Reprodução: Maringas Maciel
Ontem, no primeiro dia de peças das Mostra Lúcia Camargo no Festival de Curitiba 2025, decidi iniciar minha maratona com dois extremos: uma peça local, da capital paranaense, e outra do Eixo Latino. E é sobre esta segunda que venho falar aqui, que cumpriu sua missão em me deixar inquieta e fazer o que eu mais gosto ao sair de um teatro: debater o que acabei de assistir. Sendo assim, deixo claro que pra mim ela cumpriu sua missão e fez a arte transcender o espaço palco e plateia, mesmo entendendo controvérsias que surgiram em meio ao debate.

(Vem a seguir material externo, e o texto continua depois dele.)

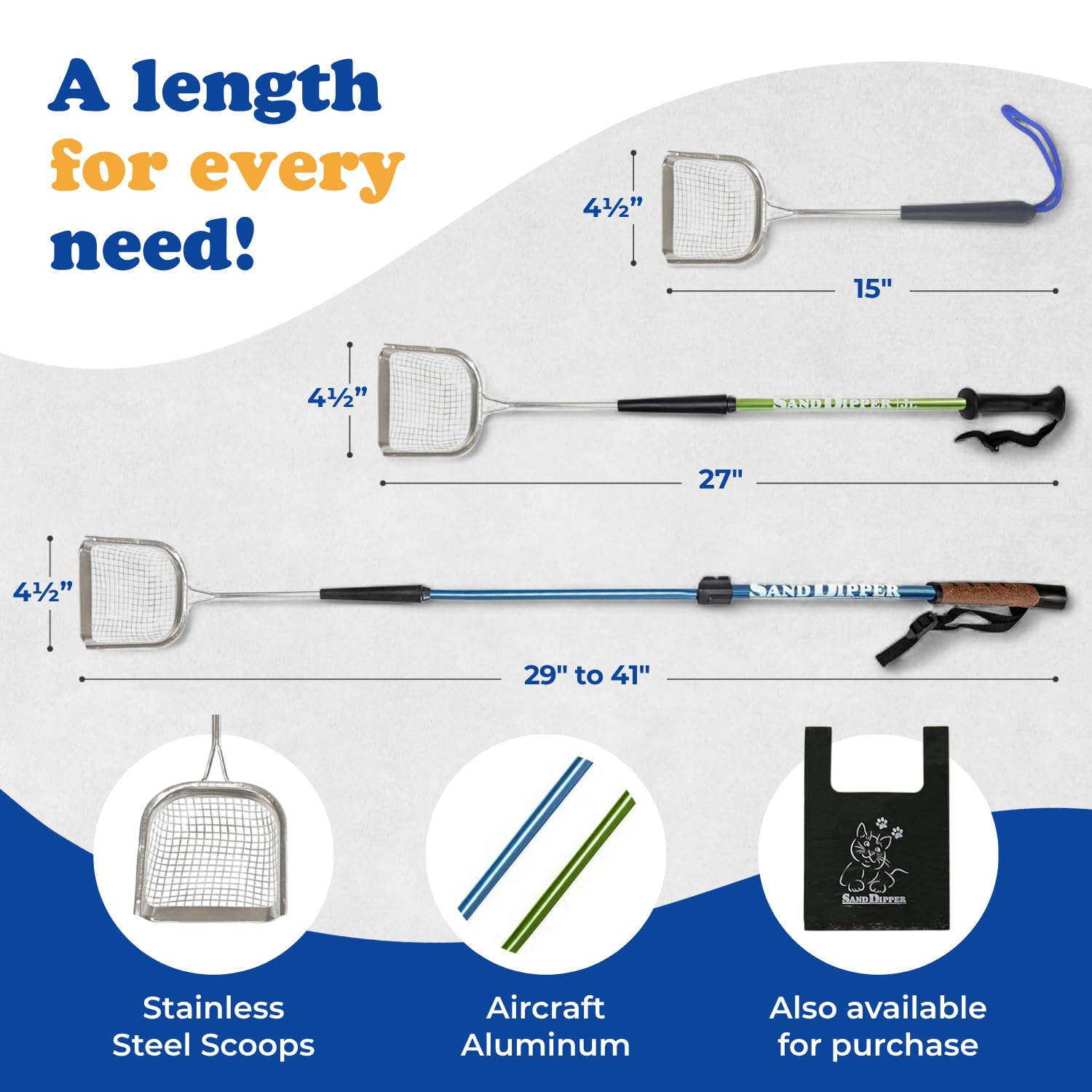 Sand Dipper marine-grade stainless steel scoop offers durable, long-lasting performance for daily litter tasks.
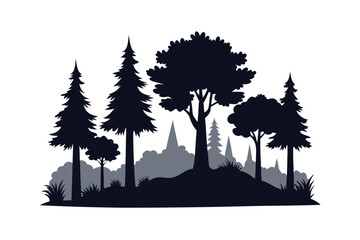 Fototapeta premium trees silhouettes vector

No Estoy Solo provoca angústia do início ao fim, seja pela ausência de palavras durante todo o espetáculo, pela dificuldade extrema em entender o que é gravação ou tempo real, pela inquietude ao ver as possibilidades da tecnologia ou ainda pelo tema abordado – foram todos esses os apertos que bateram em mim. Embora eu particularmente não entenda a peça como uma obra de teatro em si, pela ausência de uma dramaturgia principalmente, posso dizer que talvez essa provocação seja um dos pontos de vista que colocam a obra onde deveria estar: num contexto em que a cultura se mostra um intercâmbio onde as mais diversas maneiras de manifestação vem à público.
As inquietações e emoções do ator transbordam a cena e refletem a dualidade entre presença e ausência, tanto dos outros como de si. O quanto nos modificamos de um instante a outro? Quantas versões de nós mesmos existe em nossa identidade? Somos tempo presente ou somos esse intervalo entre passado e futuro? As reflexões me trazem para a vida de artista, assim como me fazem olhar para dentro e entender muito sobre mim. E analisando uma perspectiva mais abrangente, pode-se considerar ainda o delicado e desafiador cenário cultural na Argentina, e essa luta que é entender até onde a movimentação depende de nós ou o que passa pela limitação da falta de incentivo ou oportunidade. Quanto de “No Estoy Solo” diz sobre o que vivemos diariamente?
Isso ganhou força pra mim a cada vez que eu já não sabia o que era projeção e o que era corpo. Mas o gatilho foi dado já na primeira cena, com o ator sentado em meio à plateia. Vulnerabilidade ou pertencimento? Talvez um pouco de cada. Mas ao tirar a roupa e passar boa parte completamente nu, de novo me provoca inquietação: para compreender e sentir à fundo, é necessário despir-se de qualquer resposta pronta e mergulhar no eu-interior, enquanto vemos o que ele tem a dizer (de novo, mesmo que em total silêncio).
Vale mencionar que assisti alguns vídeos da performance depois de ter visto a peça, e no audiovisual não me cativou. Pela tela, senti que tudo era tecnologia e muito se perdeu. E sendo assim, viver essa experiência no Festival de Teatro de Curitiba se tornou ainda mais gratificante. Me senti ainda mais honrada e presenteada por poder sentir toda essa provocação no ambiente em que ela foi feita para acontecer.
Dito isso, reforço: concordo com o ponto de vista daqueles que afirmam ser uma performance movida pela tecnologia ao invés de uma peça teatral, num lugar de respeito e enaltecimento pela proposta.
E entendo quem tenha se incomodado com o silêncio absoluto e a contemporaneidade de Iván Haidar. Nesse ponto, de minha parte, é nesse incômodo que reforço a maestria.